A talking-point for the wing-nuts this week was that the Clintons were following one of Saul Alinsky’s Rules for Radicals in their campaign against Obama. They cited this one: "Ridicule is man's most potent weapon. It is almost impossible to counterattack ridicule. Also it infuriates the opposition, who then react to your advantage." It was a lie about the Clintons (one of the quotes supposedly indicating ridicule of Obama was that Bill called him a "highly intelligent symbol of transformation" – rough stuff, that) but it is another example of the right accusing Democrats of doing something they do every day as a matter of strategy and design. Harry Smith’s hysterical concerns notwithstanding, Obama doesn’t have to worry so much about a bullet as he does about the stink bombs that are sure to come flying from his temporary wing-nut friends after (if) he wraps up the nomination.

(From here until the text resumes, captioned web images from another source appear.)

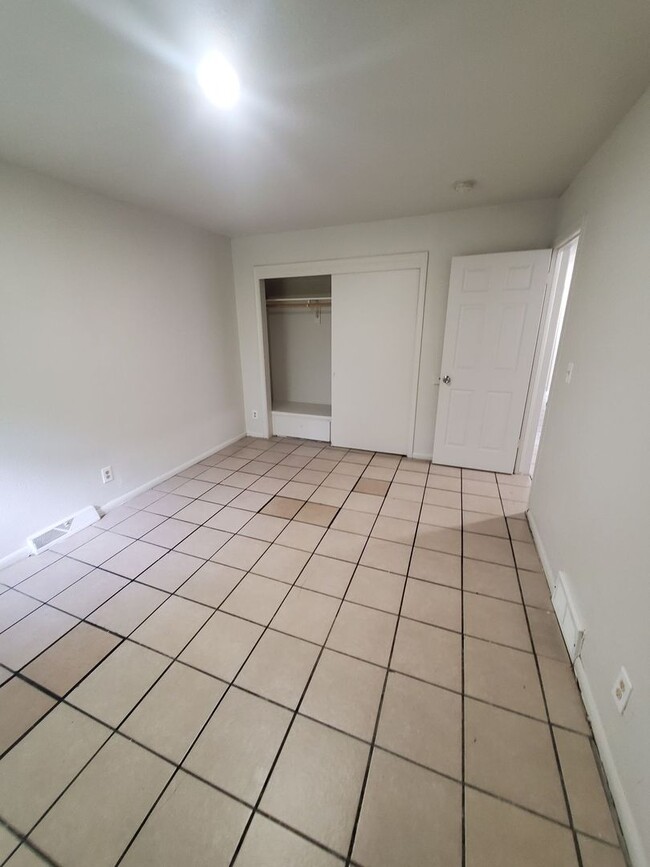 Photo - 5541-5543 N 35th St. Unidad 5543 (Upper)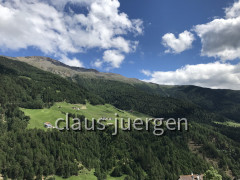 F7E07215-69BE-455C-8DFE-BD7D6FAF3A46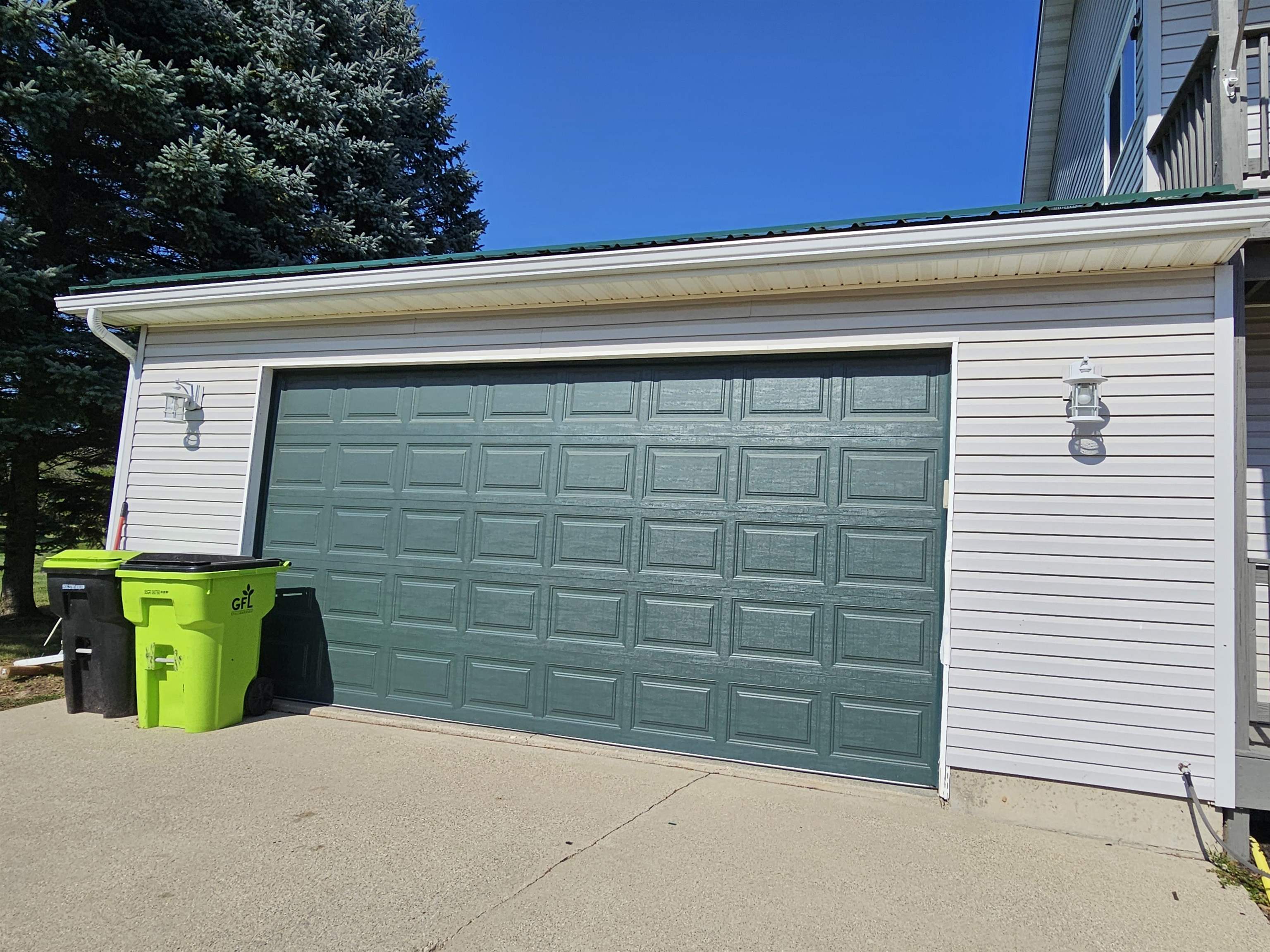 2454 Cambridge Way, Gladwin, MI, 48624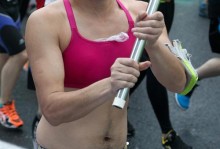 杨笑天：佩特莱斯库特随和，就是裤子总提一半，露个“大腚”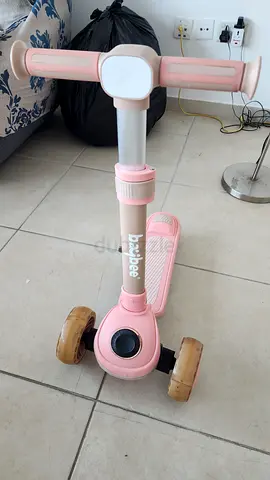 Lightly used Baybee pink toddler ride-on scooter (3-wheel)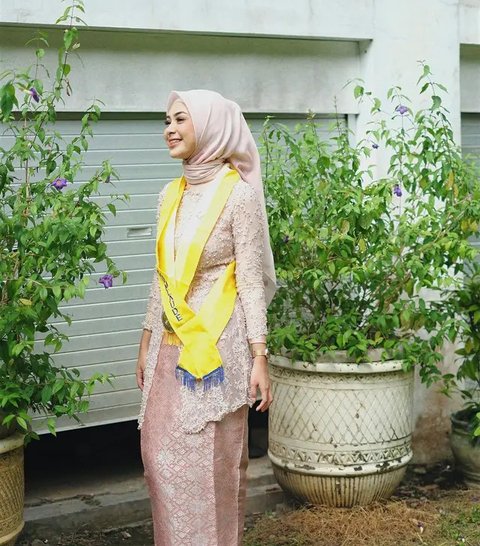 Ilustrasi Kebaya Kutubaru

On this point, Paul Krugman got it just right this week:
- Those who don’t want to nominate Hillary Clinton because they don’t want to return to the nastiness of the 1990s — a sizable group, at least in the punditocracy — are deluding themselves. Any Democrat who makes it to the White House can expect the same treatment: an unending procession of wild charges and fake scandals, dutifully given credence by major media organizations that somehow can’t bring themselves to declare the accusations unequivocally false (at least not on Page 1). The point is that while there are valid reasons one might support Mr. Obama over Mrs. Clinton, the desire to avoid unpleasantness isn’t one of them.
As I’ve said before, you won’t even recognize Barack Obama by November if he is the nominee. Even if the GOP goes ahead with the congenial John McCain, their surrogates will try to destroy Obama by defining him in bizarre ways and ridiculing him with whatever they can find to blow out of proportion. No metal detector will protect him from the slings and arrows of his own outrageous fortune.